Google can only do so much
June 28, 2011 4 Comments
Google can only tell us what it has already been told. It does that brilliantly but it cannot do complete justice to many subjects because so much of the information has not been captured. Sure we know facts that have been published and are digitally stored in archives or that are regularly updated in such vehicles as Wikipedia. But to really understand a particular subject, nothing can replace personal experience. Until the day that search engines/aggregators are able to read human memory, I think our common human database of information will contain only a representative sample of all that we’ve lived.
Do a Google on yourself. You might be surprised at what you see. You probably forgot you clicked on Like or that you commented on that article you read in an online newspaper, or that you were a speaker listed on the agenda of a long-forgotten corporate event. Do the collected links tell the whole story of you? Of course not. Just as TV and other two-dimensional media cannot fully portray to the viewer the exquisite proportional accuracy of the statue of David, neither can a search engine find and present to the viewer enough information to flesh out a human subject. Too much memory of that person’s deeds and life remain stored in the private realm, in the memories of the people with whom they lived and knew.

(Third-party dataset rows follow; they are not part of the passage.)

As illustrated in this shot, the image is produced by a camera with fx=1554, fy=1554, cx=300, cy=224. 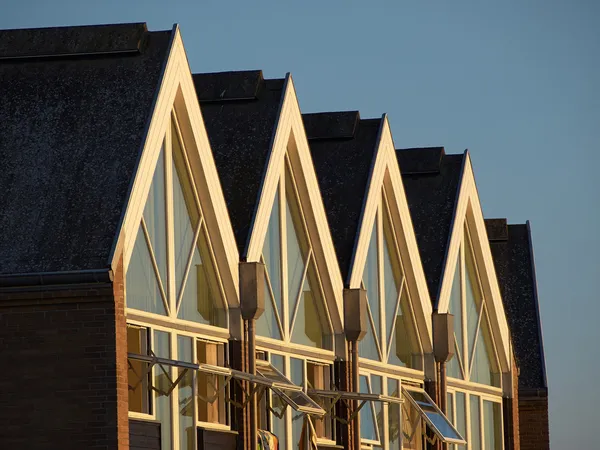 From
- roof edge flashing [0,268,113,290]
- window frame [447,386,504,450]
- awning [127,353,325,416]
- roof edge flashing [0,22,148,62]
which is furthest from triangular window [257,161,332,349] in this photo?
window frame [447,386,504,450]

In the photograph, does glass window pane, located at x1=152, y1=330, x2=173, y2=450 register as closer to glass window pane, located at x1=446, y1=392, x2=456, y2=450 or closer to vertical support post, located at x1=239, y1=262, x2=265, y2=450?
vertical support post, located at x1=239, y1=262, x2=265, y2=450

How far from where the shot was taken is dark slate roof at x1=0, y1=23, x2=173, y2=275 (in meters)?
22.1

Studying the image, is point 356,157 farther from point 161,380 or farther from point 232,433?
point 161,380

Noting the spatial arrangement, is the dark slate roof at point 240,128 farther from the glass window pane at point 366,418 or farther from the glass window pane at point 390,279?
the glass window pane at point 366,418

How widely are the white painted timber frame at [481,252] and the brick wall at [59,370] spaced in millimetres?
17820

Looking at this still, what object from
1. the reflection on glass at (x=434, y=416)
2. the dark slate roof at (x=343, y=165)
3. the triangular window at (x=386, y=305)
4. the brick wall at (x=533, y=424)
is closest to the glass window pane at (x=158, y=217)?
A: the dark slate roof at (x=343, y=165)

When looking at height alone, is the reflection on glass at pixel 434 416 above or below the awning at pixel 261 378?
above

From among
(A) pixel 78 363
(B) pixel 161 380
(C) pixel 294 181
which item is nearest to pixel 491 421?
(C) pixel 294 181

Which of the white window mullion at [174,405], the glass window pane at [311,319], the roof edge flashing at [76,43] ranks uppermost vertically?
the roof edge flashing at [76,43]

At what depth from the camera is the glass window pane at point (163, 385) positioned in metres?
24.0

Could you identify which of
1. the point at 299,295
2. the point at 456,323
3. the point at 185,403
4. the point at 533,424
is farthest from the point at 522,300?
the point at 185,403

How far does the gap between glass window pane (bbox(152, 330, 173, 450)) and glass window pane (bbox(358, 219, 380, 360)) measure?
9190 mm

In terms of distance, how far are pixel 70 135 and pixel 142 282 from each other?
2481 millimetres

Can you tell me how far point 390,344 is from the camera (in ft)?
113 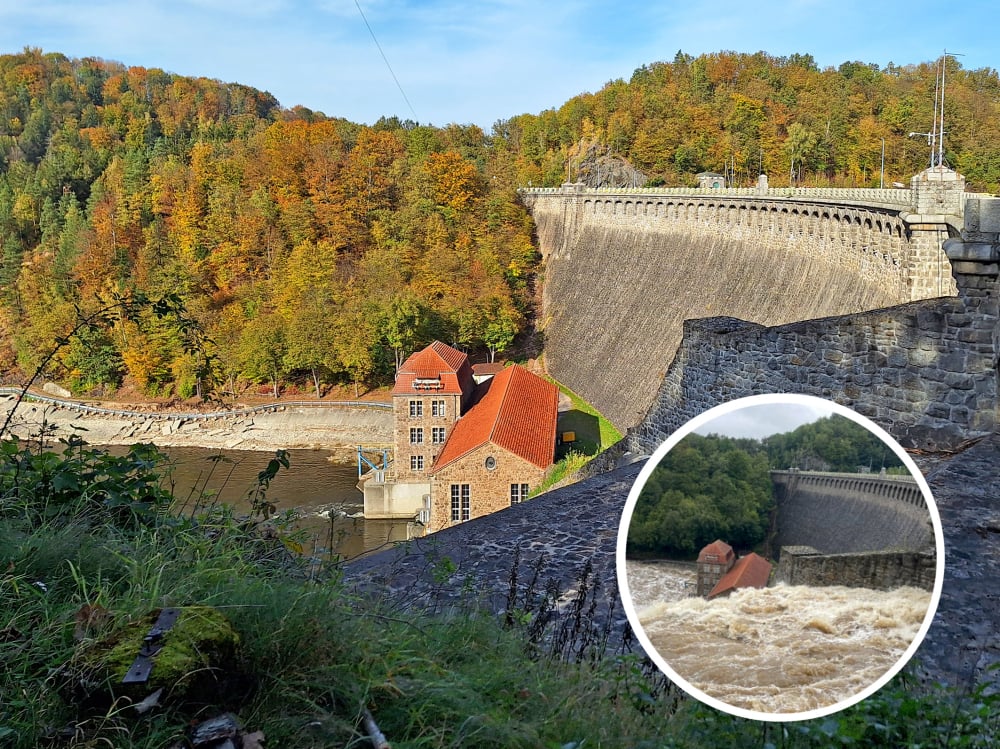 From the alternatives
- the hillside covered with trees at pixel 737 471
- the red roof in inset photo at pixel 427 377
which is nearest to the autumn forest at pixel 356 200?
the red roof in inset photo at pixel 427 377

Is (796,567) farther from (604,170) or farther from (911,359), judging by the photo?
(604,170)

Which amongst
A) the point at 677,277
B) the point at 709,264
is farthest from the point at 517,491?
the point at 677,277

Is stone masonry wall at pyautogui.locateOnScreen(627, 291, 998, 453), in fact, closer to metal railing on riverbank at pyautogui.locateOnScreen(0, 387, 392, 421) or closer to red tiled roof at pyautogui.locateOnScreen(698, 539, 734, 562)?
red tiled roof at pyautogui.locateOnScreen(698, 539, 734, 562)

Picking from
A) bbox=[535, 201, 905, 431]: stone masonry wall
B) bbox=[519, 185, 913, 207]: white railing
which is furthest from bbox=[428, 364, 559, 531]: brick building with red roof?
bbox=[519, 185, 913, 207]: white railing

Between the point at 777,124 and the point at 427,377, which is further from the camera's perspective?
the point at 777,124

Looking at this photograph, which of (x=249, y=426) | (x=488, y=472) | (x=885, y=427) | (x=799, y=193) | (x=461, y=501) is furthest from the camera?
(x=249, y=426)

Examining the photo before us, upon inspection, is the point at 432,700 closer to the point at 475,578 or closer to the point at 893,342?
the point at 475,578

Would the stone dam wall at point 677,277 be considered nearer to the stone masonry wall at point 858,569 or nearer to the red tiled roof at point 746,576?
the stone masonry wall at point 858,569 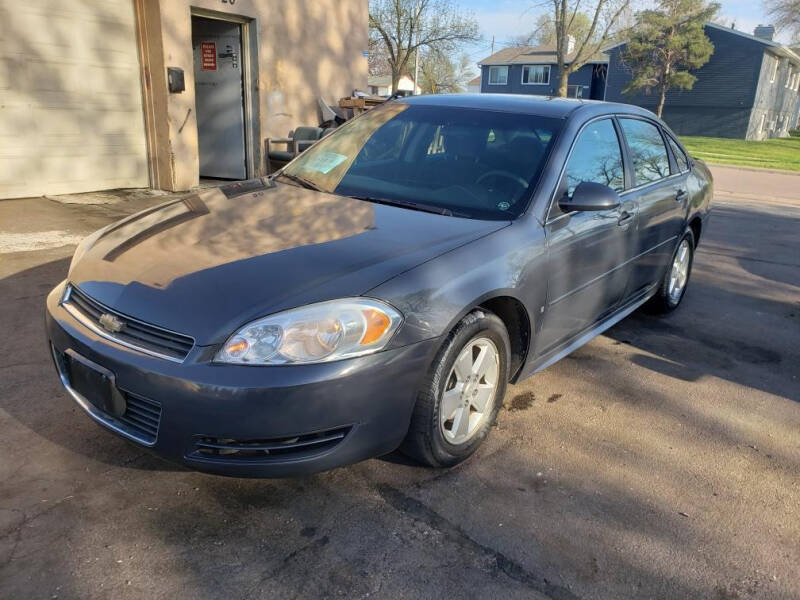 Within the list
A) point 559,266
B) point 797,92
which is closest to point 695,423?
→ point 559,266

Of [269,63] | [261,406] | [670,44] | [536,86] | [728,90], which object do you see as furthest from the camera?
[536,86]

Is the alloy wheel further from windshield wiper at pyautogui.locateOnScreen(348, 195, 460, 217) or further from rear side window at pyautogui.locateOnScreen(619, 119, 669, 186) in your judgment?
rear side window at pyautogui.locateOnScreen(619, 119, 669, 186)

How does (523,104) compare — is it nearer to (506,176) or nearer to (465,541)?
(506,176)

I thought of this recently when my sister informed me that Reno Bertoia had passed away. It’s almost a certainty that the name rings no bell for you. I knew him for the first 20 years of my life, first as the great guy with the young family who lived directly across the street, then as my hometown’s most famous former professional athlete (this was during a time when pro athletes lived like mere mortals), and finally as a very engaging history teacher during my high school years. If you were to click on that link I embedded above, and if you were to read all the information contained in all those links, you would not learn that Reno Bertoia gave a baseball bat and ball to two very young boys who lived across the street. You would also never find it written that those items were from the collection belonging to the Detroit Tiger baseball club, for whom Reno had played. You would also not read that Reno took them to Tiger Stadium to meet the ’68 World Series champions in the dressing room one hot summer day.
You may read about all this in the future though, since I wrote it down.